THE SAME contradiction exists across the border in Syria, where Kurds have come great distances since the Syrian rebellion began in 2011. Under the Assad regime Kurds were denied basic civil rights, even citizenship in some cases, and suppressed. Speaking Kurdish was enough to get people in trouble at university. Now, Kurds with the People’s Protection Units have played the leading role in defeating ISIS. But this has now brought them face-to-face with the Russian-backed Syrian regime in places like Deir al-Zor as ISIS is defeated. On September 16 the SDF claimed that regime aircraft bombed their positions.
In many ways, the current rise in Kurdish hopes and power bookends the dreams unleashed by the Arab Spring rebellions of 2011 that toppled governments in Tunisia, Egypt and Libya, led to the Syrian conflict and created major tension in Bahrain and throughout the region.

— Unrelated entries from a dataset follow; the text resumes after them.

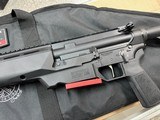 SPRINGFIELD ARMORY SAINT EDGE ATC RIFLE .223 WYLDE - 3 of 3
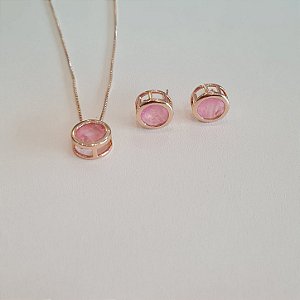 Conjunto Redondo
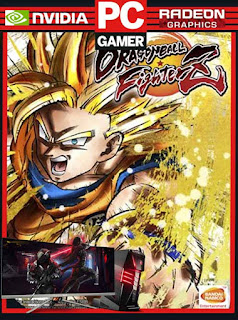 DRAGON BALL FighterZ Ultimate Edition PC Full Español [GoogleDrive] SXGO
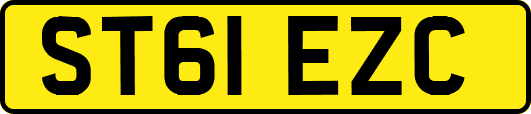 ST61EZC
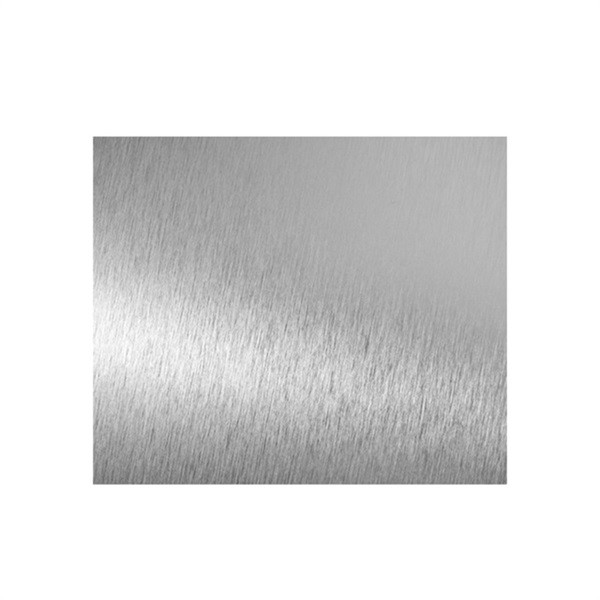 AISI 304 Metal Stainless Steel Sheet Corrugated SS Plates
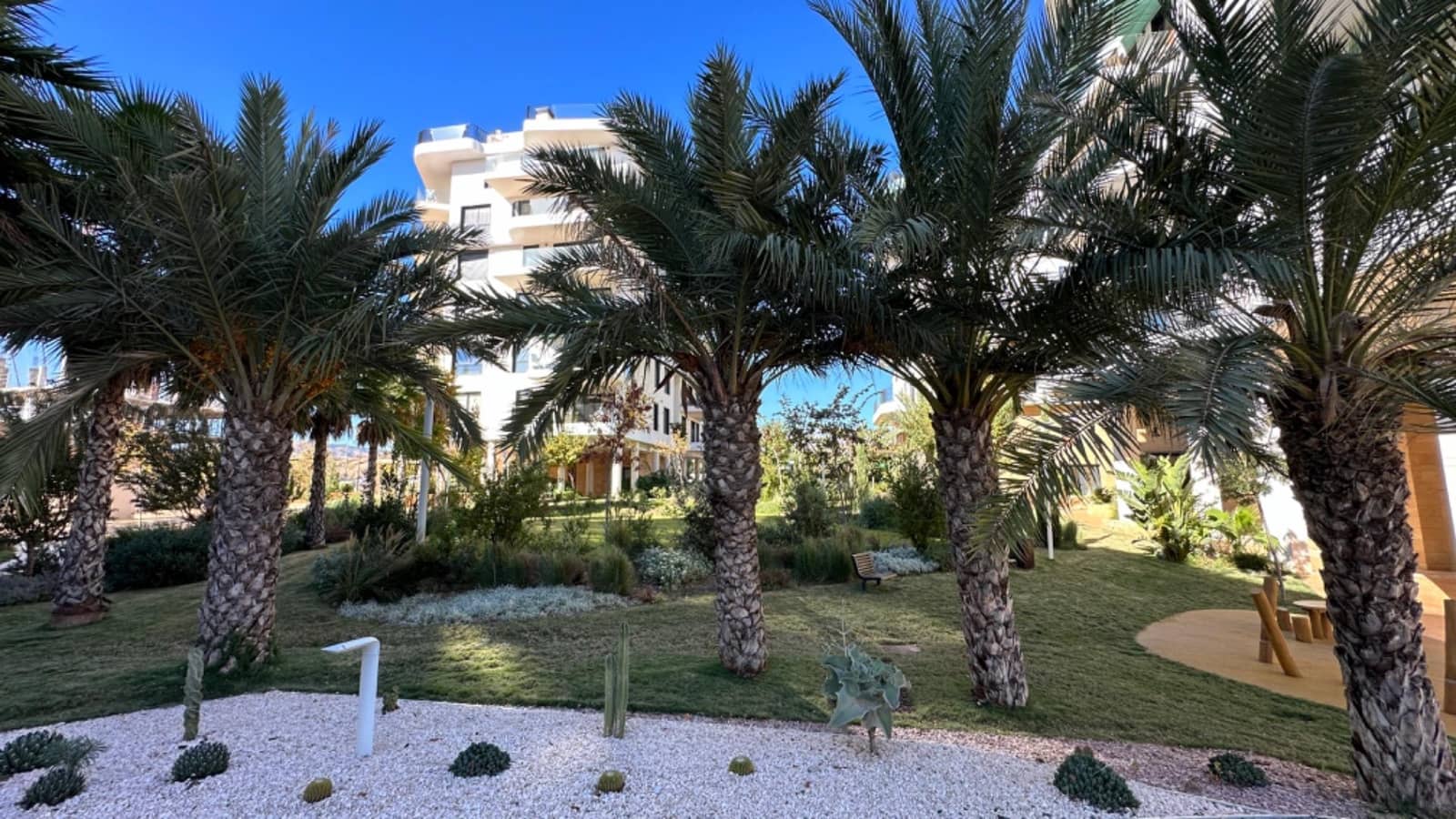 3 camera da letto Attico in vendita in La Villajoyosa / Vila Joiosa con piscina - 1.200.000 € (Rif: 7862330)
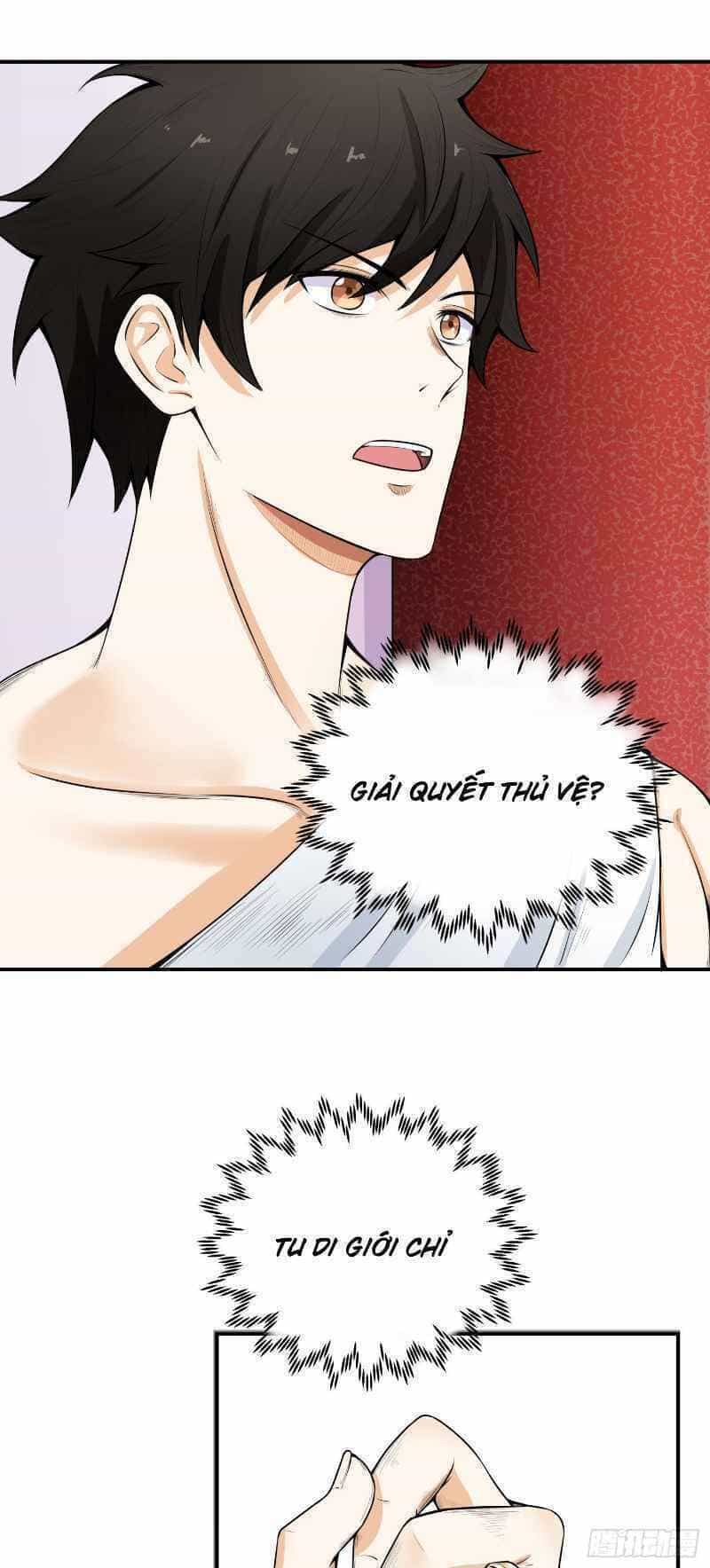 Con Của Ta Là Đại Lão - Chương 2 - ảnh 32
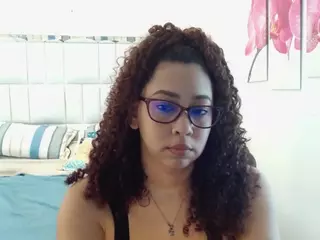 RebeccaMils's Live Sex Cam Show
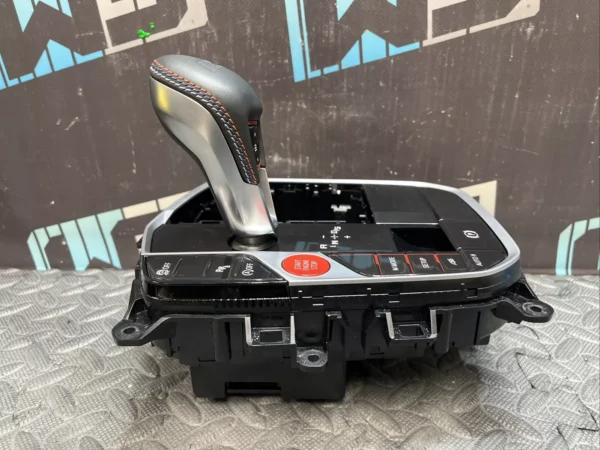OEM 2021-2024 BMW M2 M4 G87 G82 Automatic Transmission Gear Shift Selector - Image 5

In the region, Arab nationalism and Kurdish rights have been at odds, as regimes such as Saddam Hussein’s committed genocide against Kurds. Religious sectarian extremism has also targeted Kurds, from Islamic State to the Iranian-backed Shi’a militias.
The Arab Spring did not lead to democratic governments, and what oxygen it had has been sucked up by the return of authoritarian governments and religious extremism.
Kurds ended up as a bulwark against ISIS in Syria and Iraq, but the next step after September 25 in the KRG and after the defeat of ISIS is not clear. It leaves many questions: In Syria, can Kurds withstand pressure from the Russian-backed Syrian regime? What will Iranian-backed militias do in Iraq? Will the referendum affect the KRG’s relations with Turkey and its export of oil? What effect will it have on Kurds in Turkey?
The US role is unclear. It has partnered closely with Kurds, but its long-term commitment in Syria is unclear, and its nonplussed view on the Kurds’ right to decide their future in Iraq is clear.
The referendum and SDF victories also affect Kurds in Iran. Aso Saleh, an activist with the Democratic Party of Iranian Kurdistan, said that what happens in Kurdish regions of Syria and Iraq will affect Kurds in Rojhelat, or the Kurdish region of Iran. He connects it to previous incidents such as the arrest of PKK leader Abdullah Ocalan in 1999, the election of Kurdish leader Jalal Talabani as president of Iraq in 2005, and the rise of ISIS in 2014.
“In all cases we see a movement in Rojhelat,” Saleh said. He hopes that it means that the “[Iranian] regime can open doors to negotiations.”
According to Saleh, although negotiations won’t likely lead anywhere, it does mean that Iranian Kurds may be inspired to demand more rights, autonomy or self-determination.
Kurds face many of the same hurdles they faced in the past. In 2008 when KRG President Masoud Barzani spoke with US ambassador to Iraq Ryan Crocker, he told the ambassador that Baghdad had continually betrayed the KRG. According to leaked diplomatic cables, the ambassador told Barzani that a confrontation with Baghdad would risk “losing everything the Kurds have achieved so far.”
As the referendum nears, Kurds seem to be saying that it is time to stop listening to warnings and follow their hearts, as many other nations seeking independence have done in the past.